"İçtihat Metni"
İTİRAZ
İtirazname No : 2014/280151
KARARI VEREN
YARGITAY DAİRESİ : 9. Ceza Dairesi
MAHKEMESİ :Ağır Ceza Mahkemesi
SAYISI : 10-204
I. HUKUKÎ SÜREÇ
Teşebbüs aşamasında kalan nitelikli cinsel saldırı suçundan sanığın 5271 sayılı Ceza Muhakemesi Kanunu'nun 223/2-a-e maddesi uyarınca beraatine ilişkin Çorlu 1. Ağır Ceza Mahkemesince verilen 16.04.2014 tarihli ve 10-204 sayılı hükmün, Cumhuriyet savcısı tarafından temyiz edilmesi üzerine dosyayı inceleyen Yargıtay 9. Ceza Dairesince 02.11.2021 tarih ve 21813-8782 sayı ile; ''...Tüm dosya kapsamı ve gerekçe içeriğine göre mahkemece kabul ve takdir kılınmış beraat hükmü usul ve kanuna uygun bulunduğundan, O Yer Cumhuriyet Savcısının yerinde görülmeyen temyiz talebinin reddiyle hükmün onanmasına, oy çokluğuyla" karar verilmiştir.

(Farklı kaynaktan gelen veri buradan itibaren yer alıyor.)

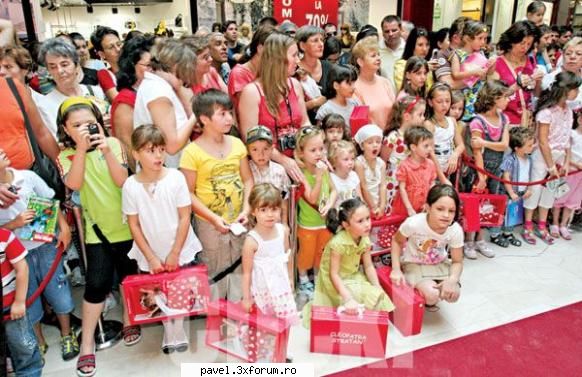 LANSARE PAPUSA, 19 IULIE, CARREFOUR ORHIDEEA - Fan(atic) - Cleopatra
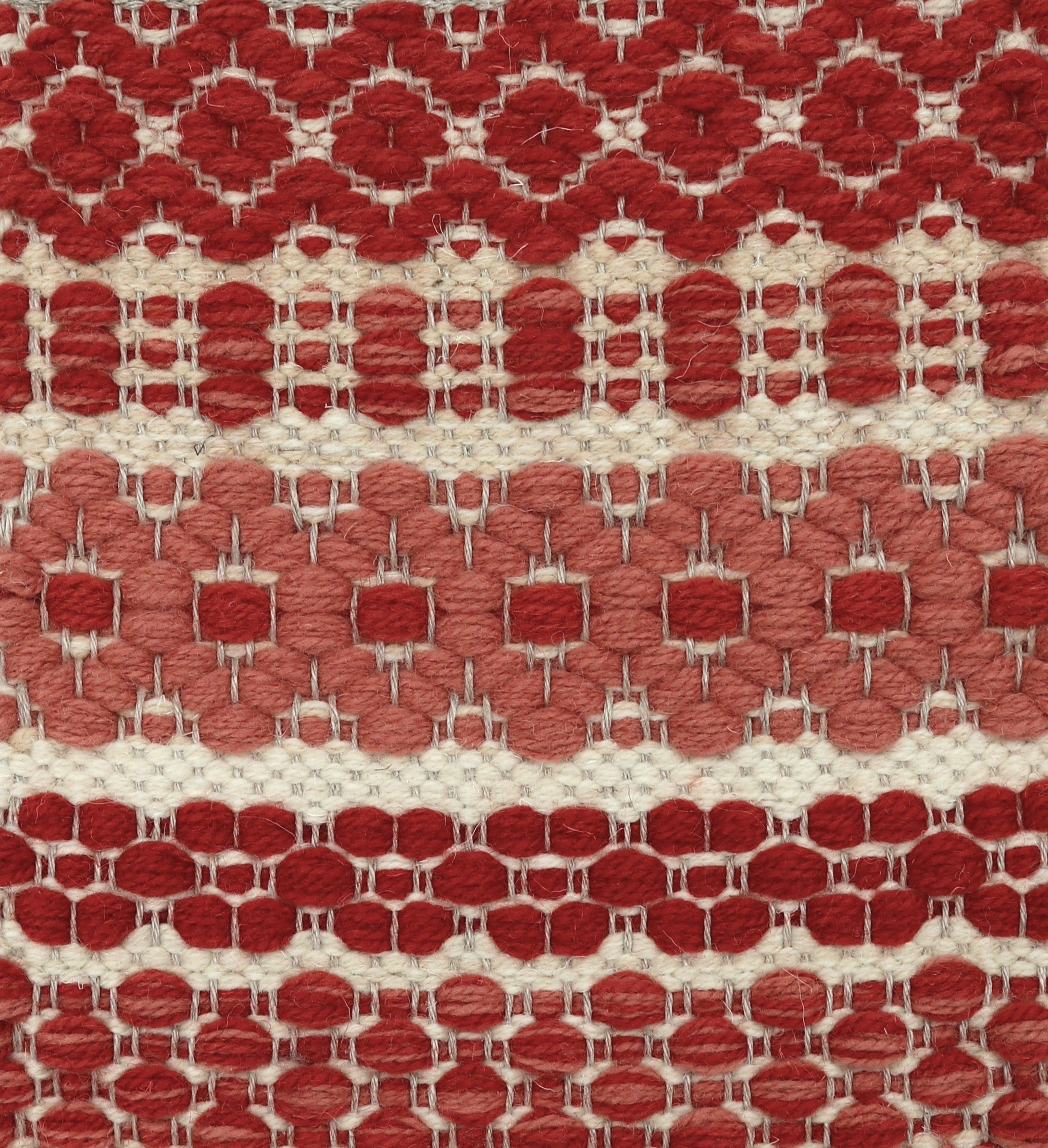 <p>Country Rug, main 8153, 8154, 8186, inside 06, 6023, 07 on the natural yarn</p>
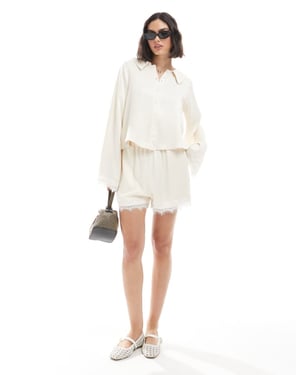 Miss Selfridge satin och spets kort set i ecru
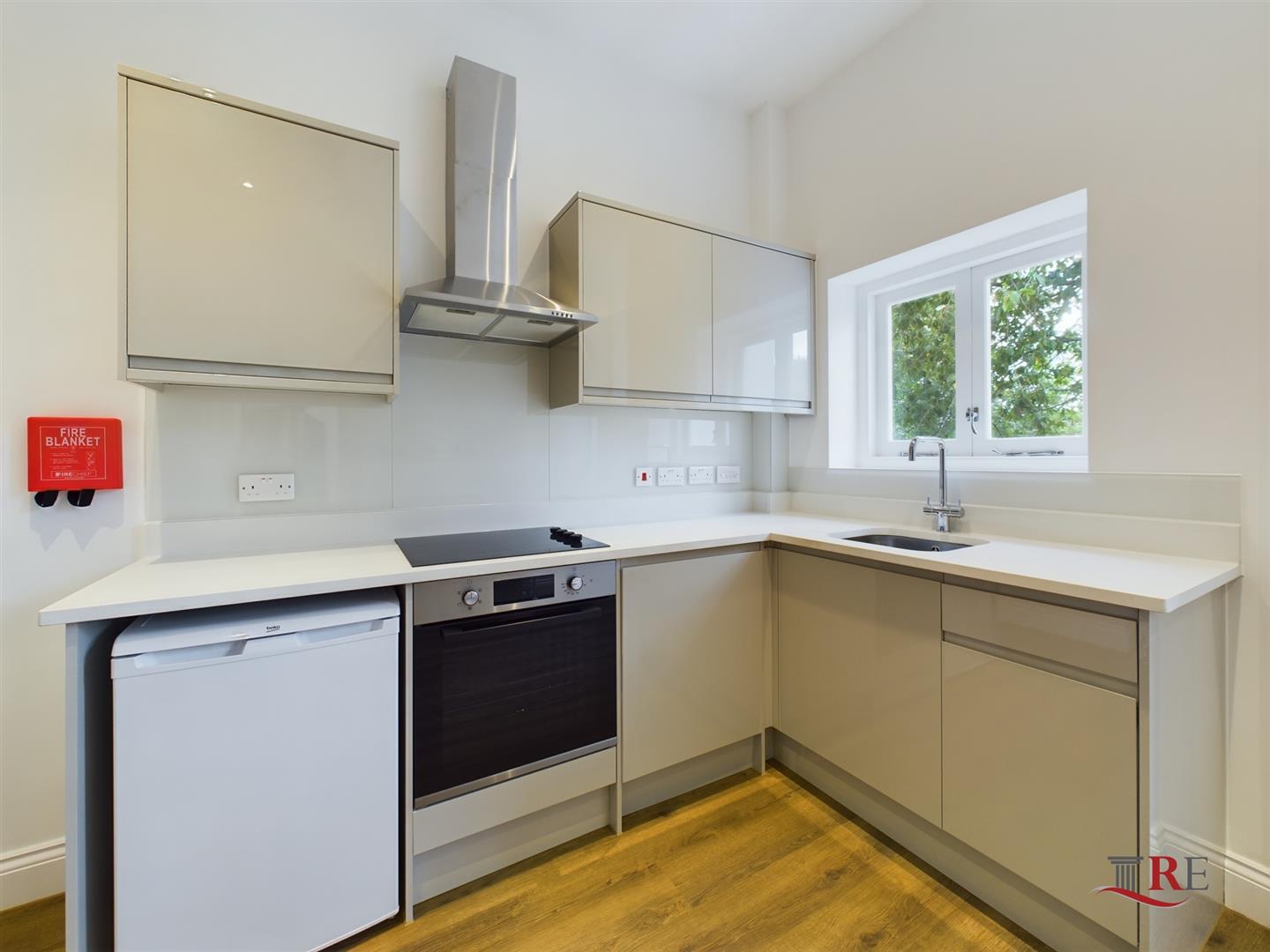 Flat Christchurch Avenue in Greater London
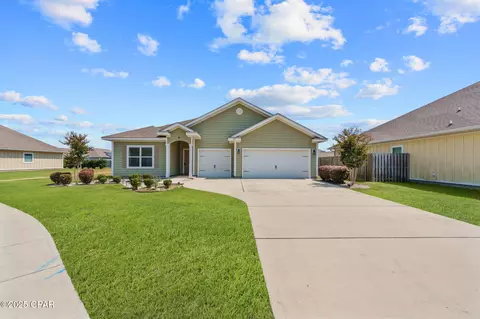 201 Bridge Harbor Dr, Panama City, FL 32404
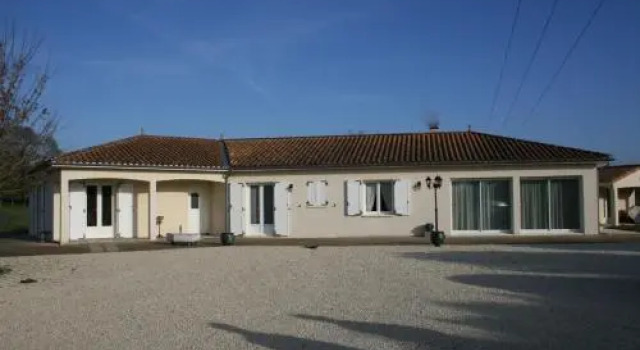 La Cozy, Rezerwuj Hotel Cozes Charente-Maritime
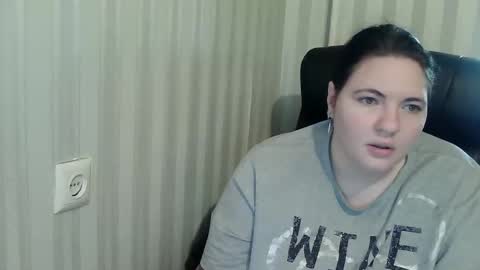 OlyaAndNetty online show from November 2, 2025, 9:44 am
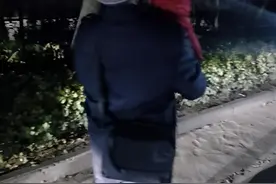 点赞！两岁男童离家2公里独自过马路，郑州热心人一路陪伴送回家图片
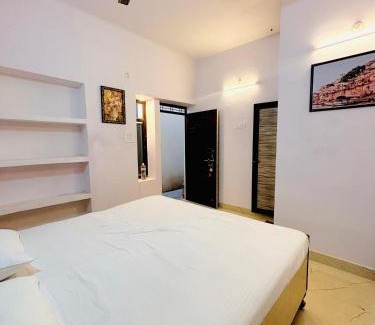 Varanasi House | Amrit Ganga paying guest house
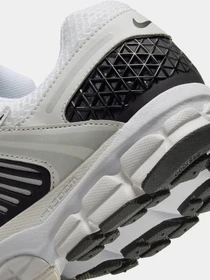 Кроссовки NIKE ZOOM VOMERO 5 модель FB9149-101 Фото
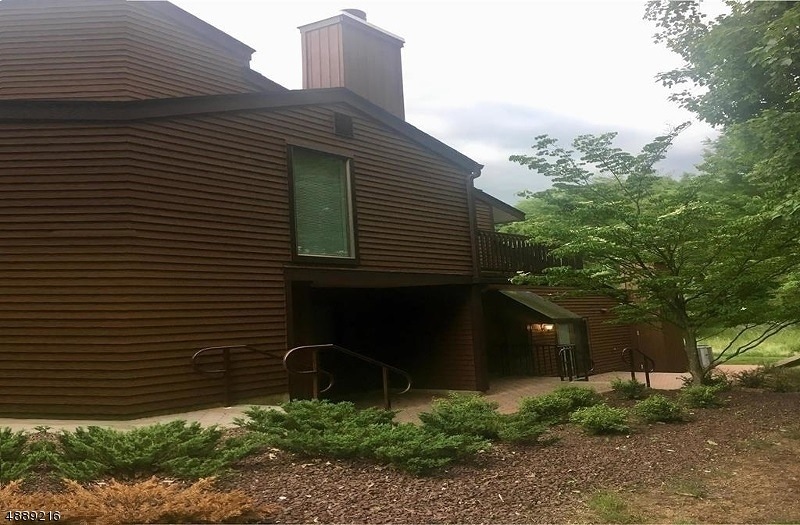 23 Summit Ct, Annandale, NJ 08801 - photo 1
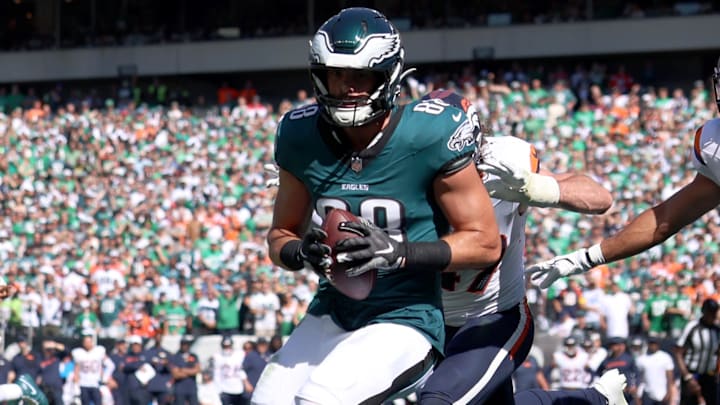 Oct 5, 2025; Philadelphia, Pennsylvania, USA; Philadelphia Eagles tight end Dallas Goedert (88) scores a touchdown against the Denver Broncos in the second quarter at Lincoln Financial Field. Oct 5, 2025; Philadelphia, Pennsylvania, USA; Philadelphia Eagles tight end Dallas Goedert (88) scores a touchdown against the Denver Broncos in the second quarter at Lincoln Financial Field.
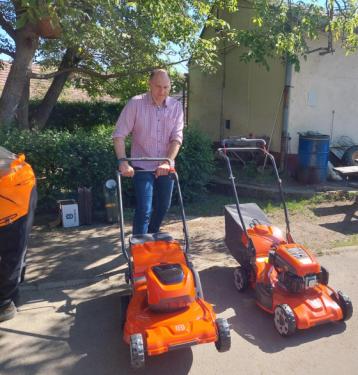 Szász József alpolgármester a kerület gazdák egyik új fűnyírója mellett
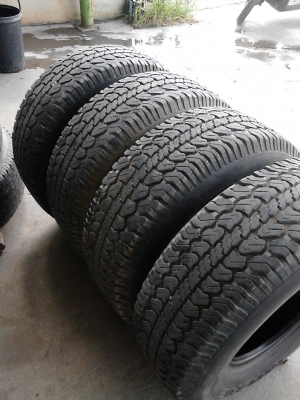 255/70R15 MICHELIN  LTX  A/T   ชุด 4 เส้น โทร.081-427-3941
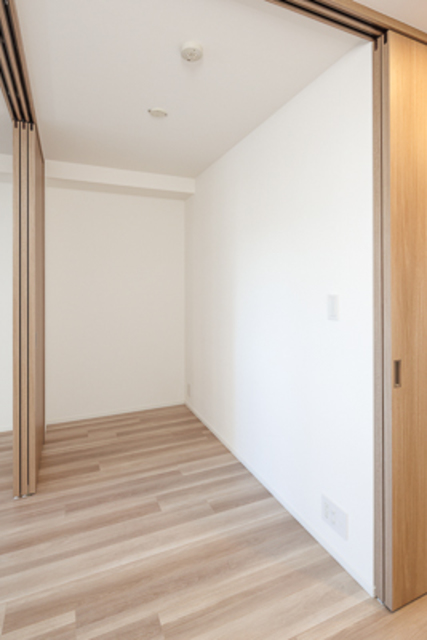 リビング隣の個室は２．１帖です。※写真は同タイプ住戸です。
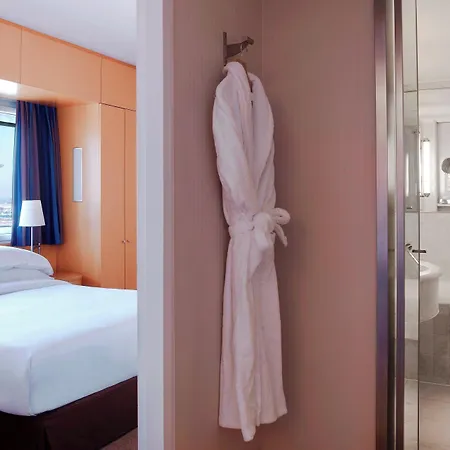 Sheraton Paris Charles De Gaulle Airport 호텔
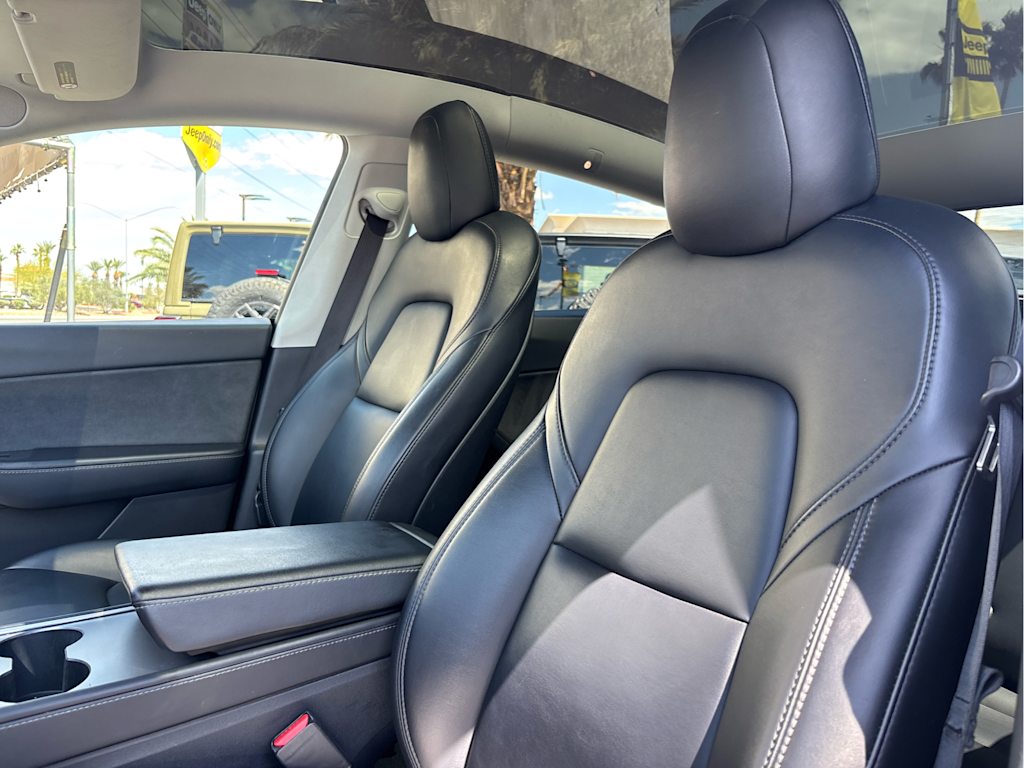 Thumbnail: 2021 Tesla Model Y - 8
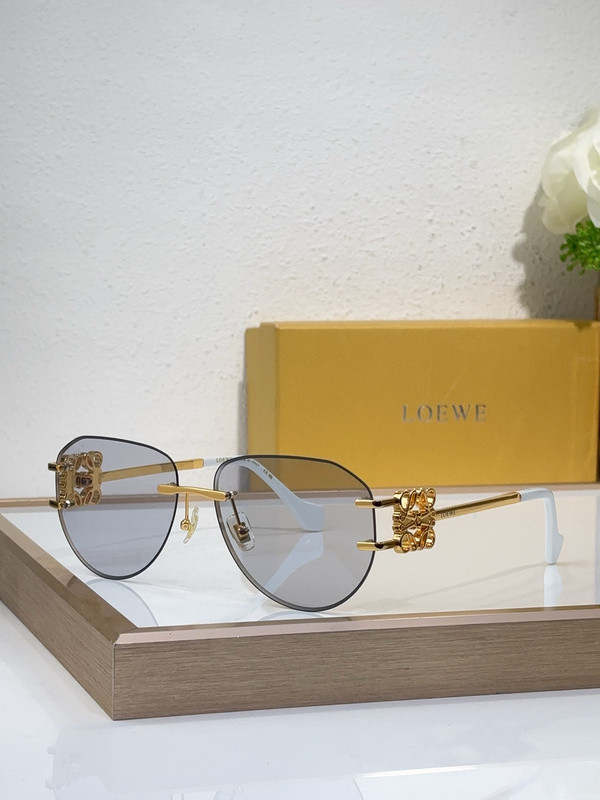 Loewe Sunglasses AAAA-651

Daire Başkanı M. Alikanoğlu ile Daire Üyesi S. Şahinbay; "Sanık ... hakkında mağdure ...'nun oturduğu evin açık olan kapısından gündüz vakti saat 12:30 sıralarında girerek nitelikli cinsel saldırıya teşebbüs etme suçunu işlediği iddiasıyla görülen davada;
Mağdure ...'nun aşamalardaki ifadelerinde özetle; sanık ...'ı ara ara mahalleye gelip gitmesinden dolayı tanıdığını, olay günü öğlen saatlerinde evde temizlik yapmakta iken aniden içeri giren sanığın sus bağırma diyerek ağzını kapattığını, diğer eliyle de elbiselerini çıkartarak göğüslerini elleyip öptüğü ve yüzü koyun yere yatırdıktan sonra anal yoldan ilişkiye girmek istediğinde bir anlık fırsat bularak bağırdığını, kendilerini bu halde iken birlikte yaşadığı ...'nin annesi ...'nin de gördüğünü, sanığın bunun üzerine bırakıp kaçmak zorunda kaldığını, karakola giderek sanıktan şikayetçi olduğunu,
Sanık ise suçlamaları reddederek mağdureyi aynı mahallede oturan akrabalarına gidip geldiği için tanıdığını iddia edildiği gibi kendisine karşı cinsel saldırıda bulunmadığını savunmuştur.
Mağdure ile aynı evde yaşayan ve olayın görgü tanığı ... ise beyanında mağdurenin anlatımlarını doğrulayarak daha önceden tanımadığı sanığın evlerine girerek gelinine saldırdığını, zorla elbiselerini çıkardığını, engel olmaya çalıştığını ancak sanığın kendisini zorla dışarı çıkarttığını, tekrar içeriği girdiğinde sanığın da pantolonunu çıkardığını gördüğünü bağırması üzerine sanığın kaçarak uzaklaştığını söylemiştir.
Mağdurenin bitişik komşusu olan tanık ... ise eve uzun boylu esmer bir kişinin girdiğini görünce mağdurenin akrabası sandığını, ancak tanık ...'nin bağırma sesleri üzerine bu kişinin evden çıkıp gittiğini ifade etmiştir.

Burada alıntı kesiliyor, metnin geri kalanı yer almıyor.